─── Dataset excerpt ───
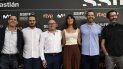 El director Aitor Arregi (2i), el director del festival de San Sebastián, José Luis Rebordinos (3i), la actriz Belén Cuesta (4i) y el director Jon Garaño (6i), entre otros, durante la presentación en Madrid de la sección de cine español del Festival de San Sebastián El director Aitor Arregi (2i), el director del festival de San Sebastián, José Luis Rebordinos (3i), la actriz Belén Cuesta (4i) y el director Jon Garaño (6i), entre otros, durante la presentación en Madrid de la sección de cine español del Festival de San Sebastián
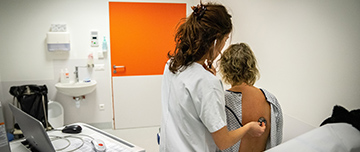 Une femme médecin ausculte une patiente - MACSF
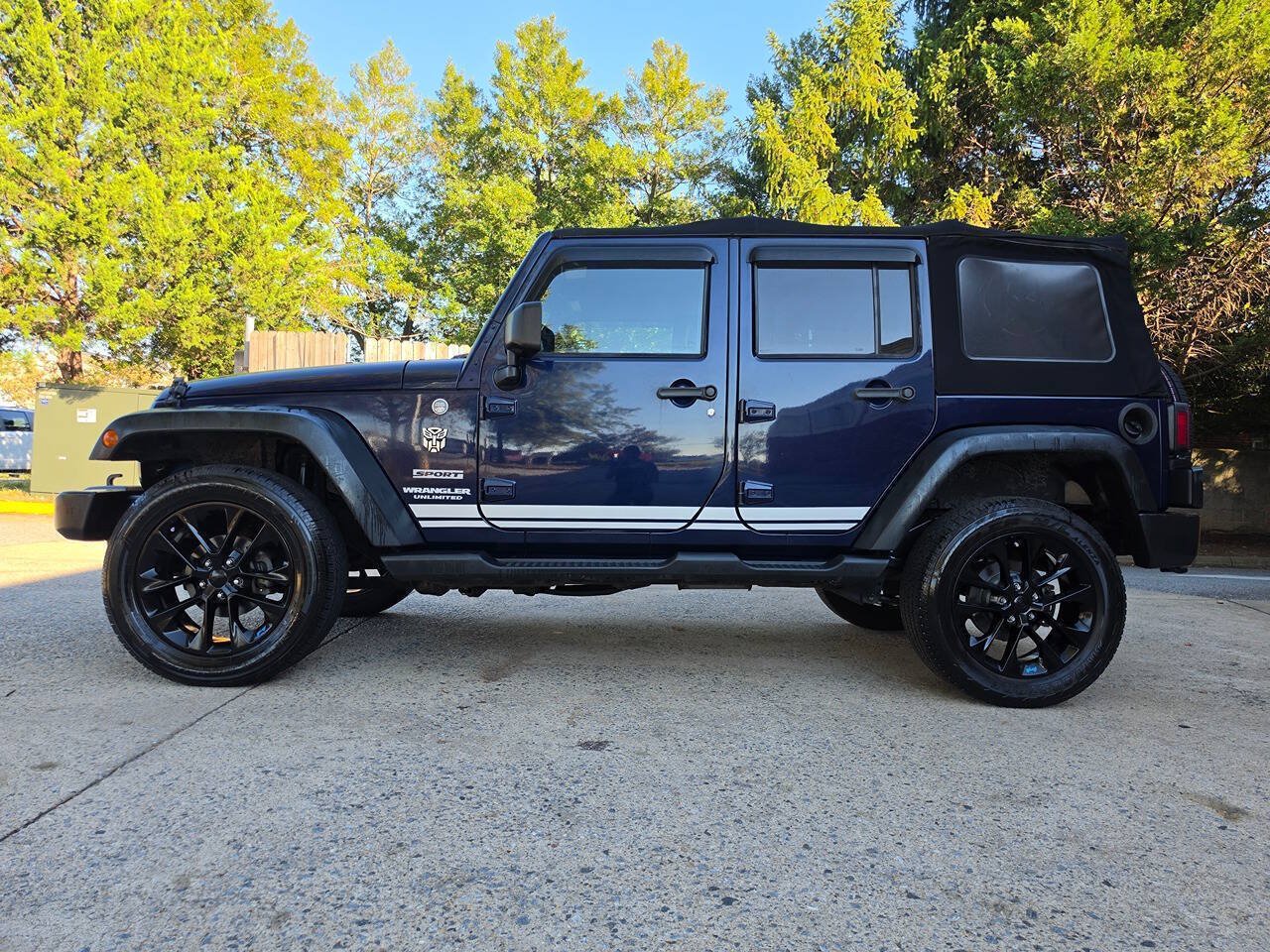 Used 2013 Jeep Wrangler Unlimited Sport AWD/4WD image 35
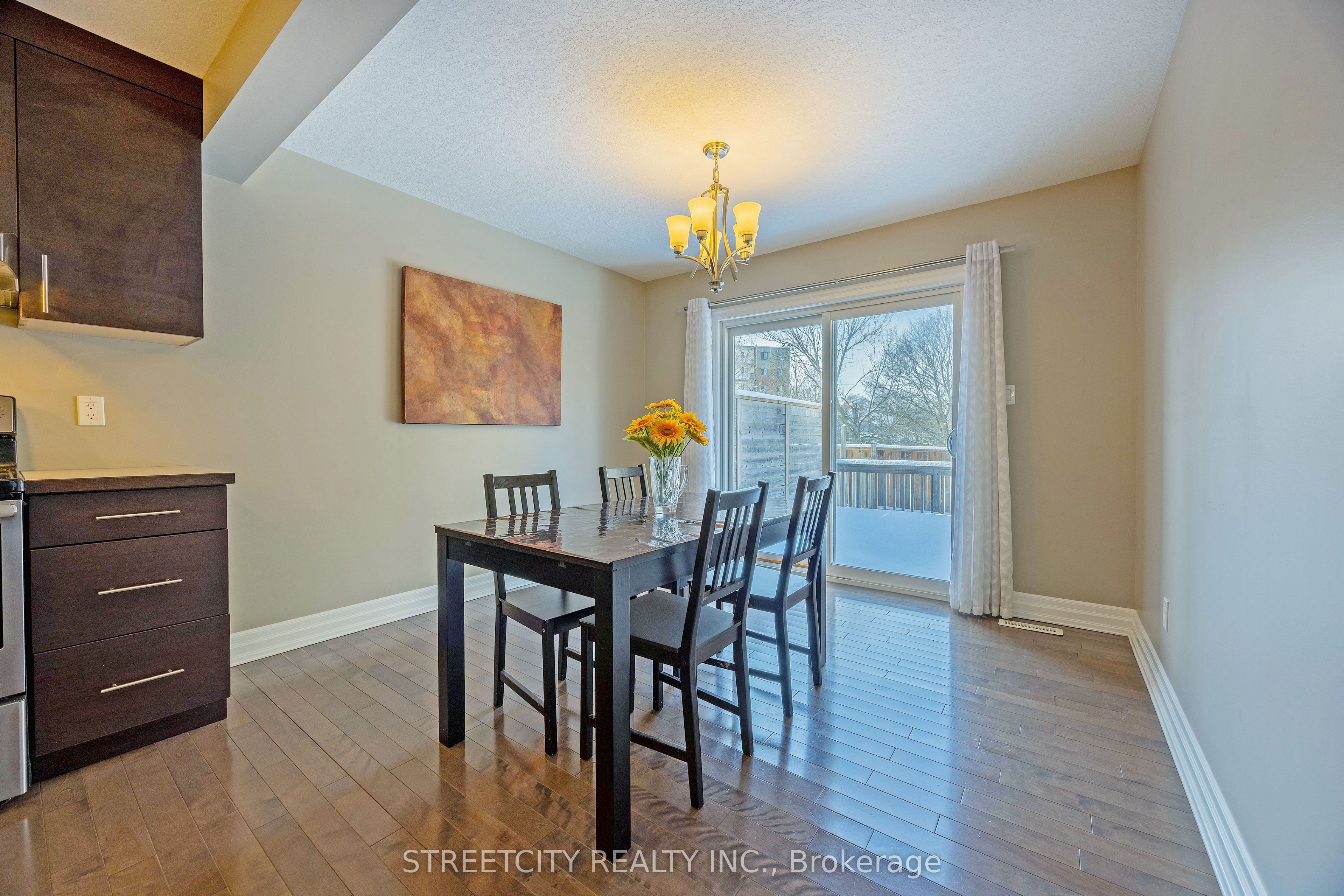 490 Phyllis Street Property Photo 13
───
### Exercise instructions
Please reproduce only the lines from the one holding "Used 2013 Jeep" through the final line of the listing above, both included, with each picture left out.

### Exercise answer
 Used 2013 Jeep Wrangler Unlimited Sport AWD/4WD image 35
 490 Phyllis Street Property Photo 13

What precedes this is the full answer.